Although the meetings were not at CEO level, and Kroger is one of many U.S. companies holding initial discussions with the ecommerce giant, the grocer could make a prime partner for Alibaba, which has been making an “aggressive push” into working with companies in the United States and Canada, Reuters reported.
One food retailer Alibaba backs abroad is Hema Xiansheng, which the Post said is at the “forefront of technology,” serving as a warehouse and distribution center for online sales, and delivering items in as few as 30 minutes within 2 miles of a store – not a far cry from Amazon’s Prime Now delivery service. Also similar to Amazon, Alibaba operates cashierless stores with technology similar to Amazon Go stores.
The news was revealed just days after Amazon opened its Amazon Go concept to the public following a 10-month delay, and roughly five months since Amazon completed its acquisition of Austin, Texas-based natural grocer Whole Foods Market, which has hurt Kroger’s stock performance.
It’s worth noting not only that is Kroger the largest grocery company in the United States, but also that Alibaba is gigantic, at nearly four times the gross merchandise volume of the Seattle-based ecommerce behemoth.
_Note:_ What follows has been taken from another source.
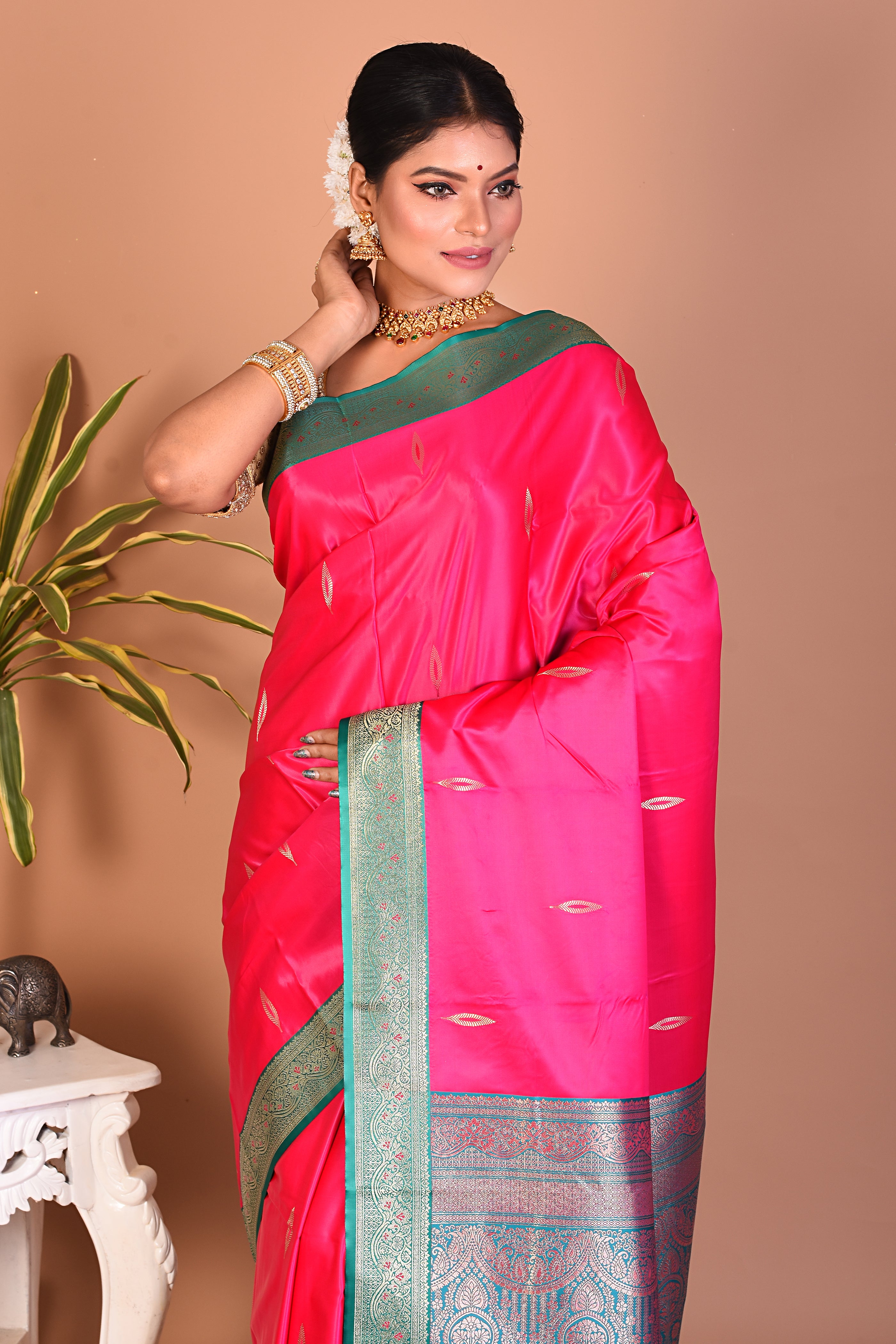 Pink Blended Katan Silk Saree - Keya Seth Exclusive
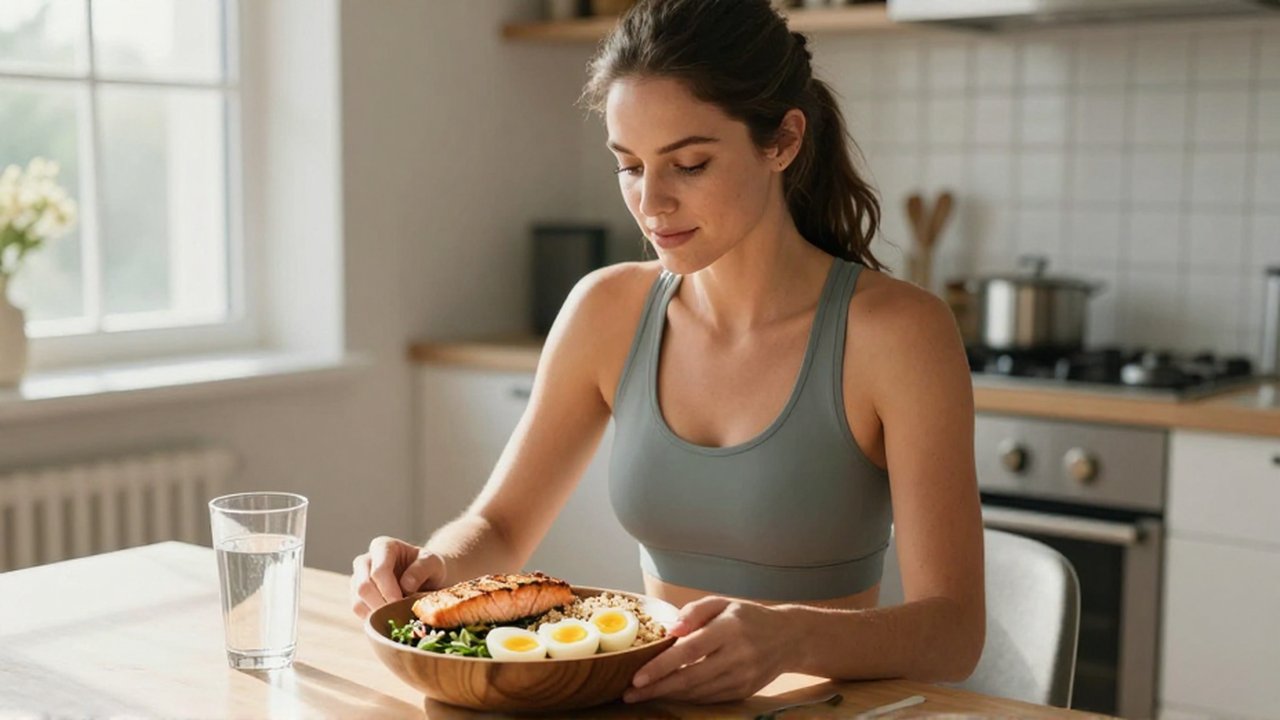 Mujer deportista desayunando un tazón de salmón, huevos y quinoa en una cocina luminosa.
Therefore, Alibaba can merchandise to Kroger, allowing the grocer to enter new merchandise categories, said Erich Joachimsthaler, CEO of Vivaldi, a New York-based brand strategy firm.
Moreover, Alibaba can offer Kroger innovations that work in its physical stores in China – such as its Amazon Go-like technology, which would provide a leg up since Amazon itself arguably still has flaws in its own in-store technology that it needs to work out.
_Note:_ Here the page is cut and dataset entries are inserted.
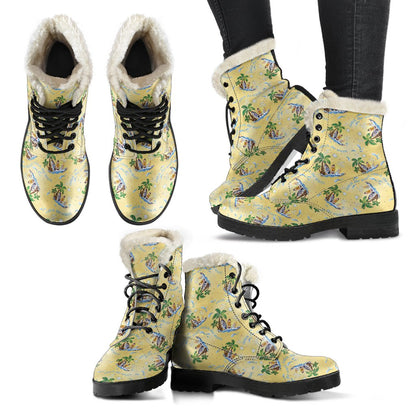 Surf Catch the Wave Design Faux Fur Leather Boots-JTAMIGO.COM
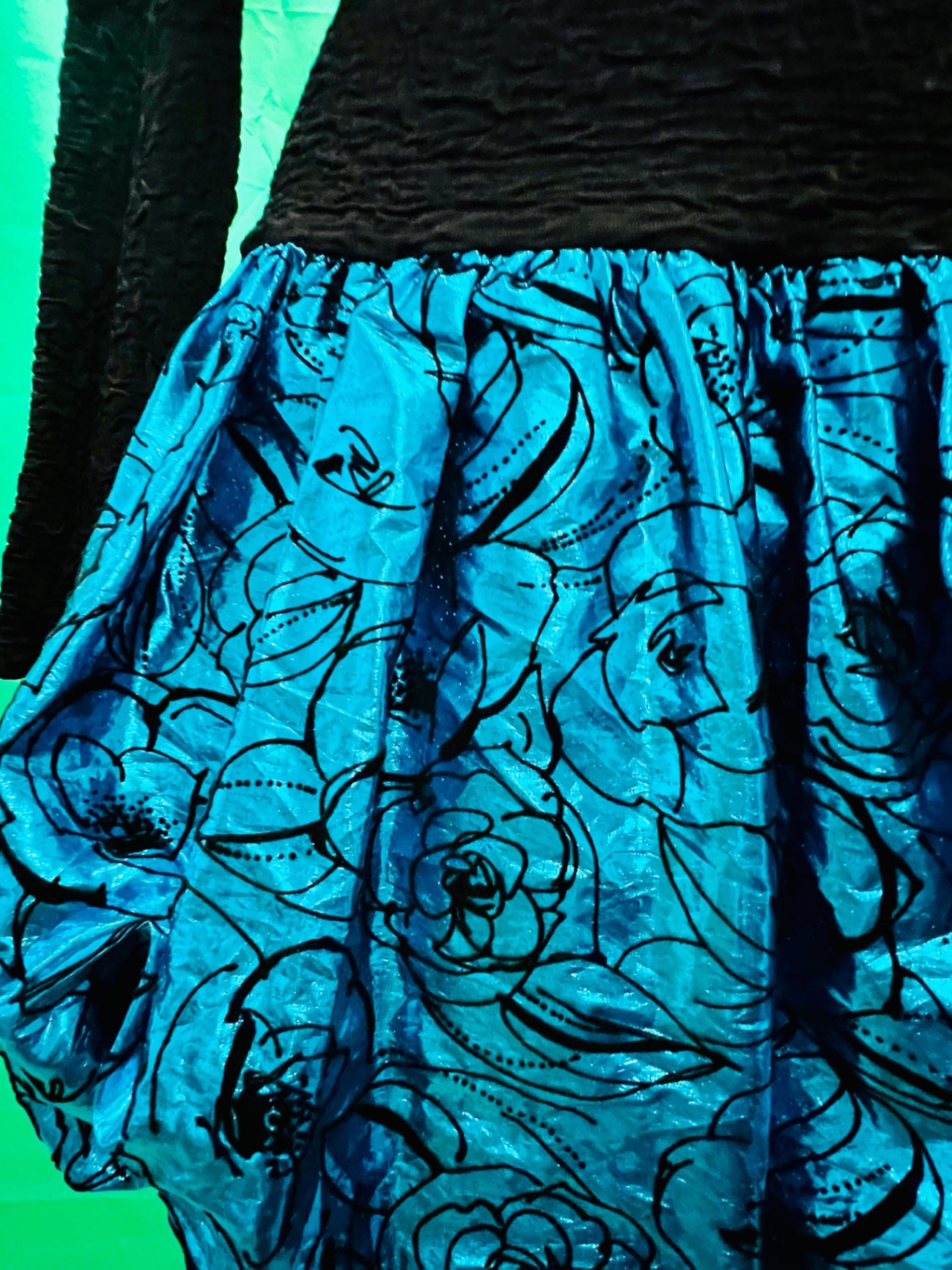 Vintage Vera Mont 80s Kleid 40 Blau Schwarz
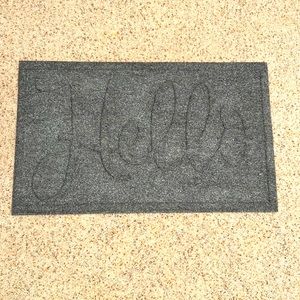 ✅ NWOT “HELLO” Cursive Stylish Welcome Mat Doormat Gray Non-Slip 29.5in x 18in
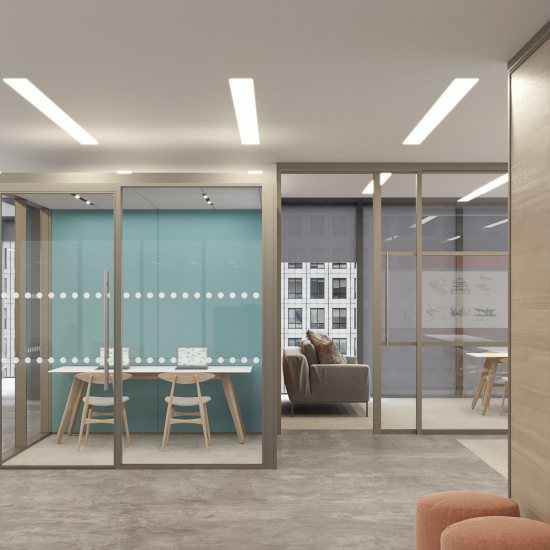 Combine with Radii 3D Huddle and Focus pods and adjoining Radii 2D partitioning systems.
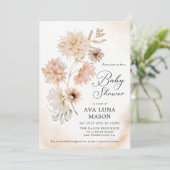 Boho Floral Baby Shower Invitation (Standing Front)
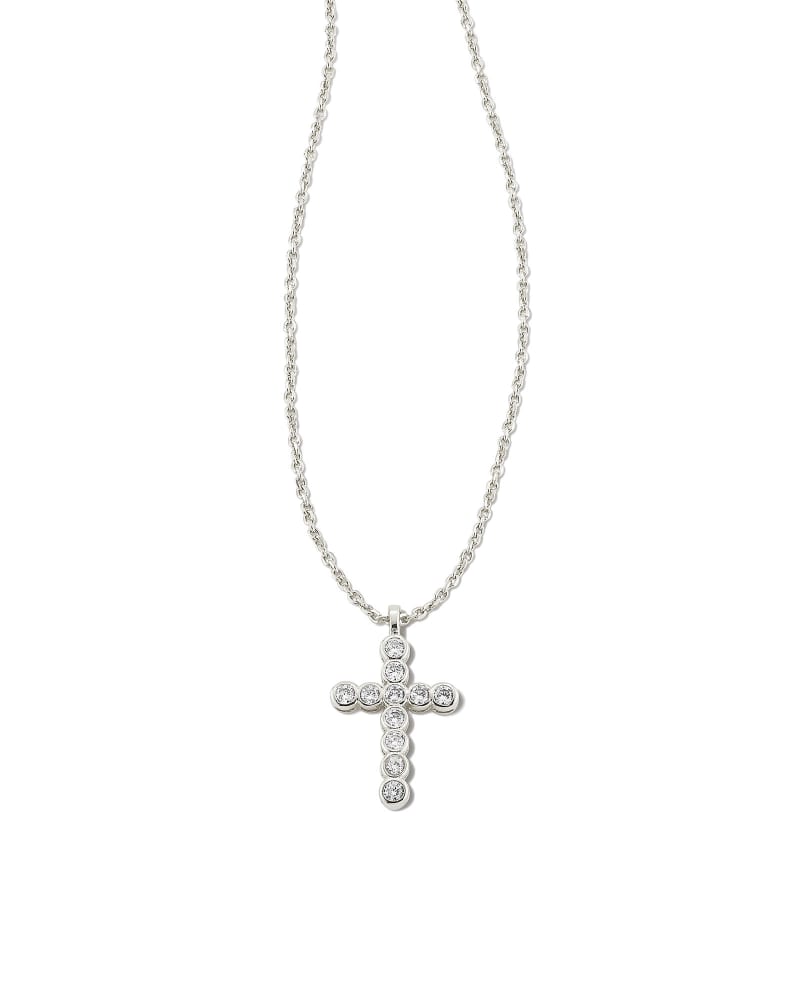 Cross Silver Pendant Necklace in White CZ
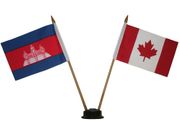 CANADA & CAMBODIA SMALL 4" X 6" INCHES MINI DOUBLE COUNTRY STICK FLAG BANNER WITH BLACK STAND ON A 10" INCH PLASTIC POLE .. NEW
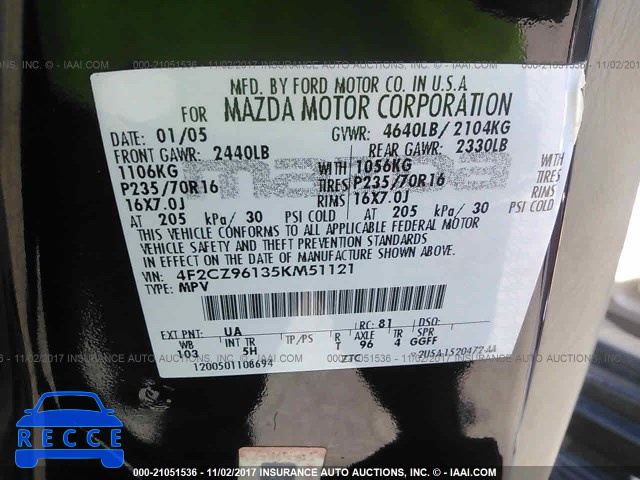 2005 Mazda Tribute S 4F2CZ96135KM51121 Bild 8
What Americans might not know is that even though Amazon now owns Whole Foods and has opened a number of physical bookstores and its own Amazon Go store to the public in the United States, Alibaba has penetrated physical retail in China far more deeply than Amazon has here. If Alibaba can apply its experience advantage through Kroger in the United States, then an Alibaba-Kroger partnership would pose a significant threat to Amazon.
“This will help Kroger to leapfrog both Amazon and Walmart,” Joachimsthaler asserted. “This partnership blunts the Amazon efforts into groceries.”
And while the news angle Stateside is on how such a partnership could help Kroger become a significant threat to Amazon domestically, the angle abroad is on how Kroger’s operations and expertise could help Alibaba keep out of physical retail in China. In addition to the two being able to share rich customer data and insights, Alibaba has a local supermarket chain in China that Kroger could integrate with.
“Perhaps Kroger is looking for a way to extend their brand franchise into China and partner with Alibaba in a similar way as Amazon and Whole Foods?” asked Jim Fosina, CEO of Fosina Marketing Group, a Danbury, Conn.-based marketing firm.
It’s known that Amazon wishes to enter the Chinese market. If Alibaba connected with Kroger, it would be possible for the Chinese company to learn from the U.S. grocer – and build its own version of Amazon Go stores in China. This could shut Amazon out of that market before its develops a foothold – as it has done in the United States with its Whole Foods acquisition.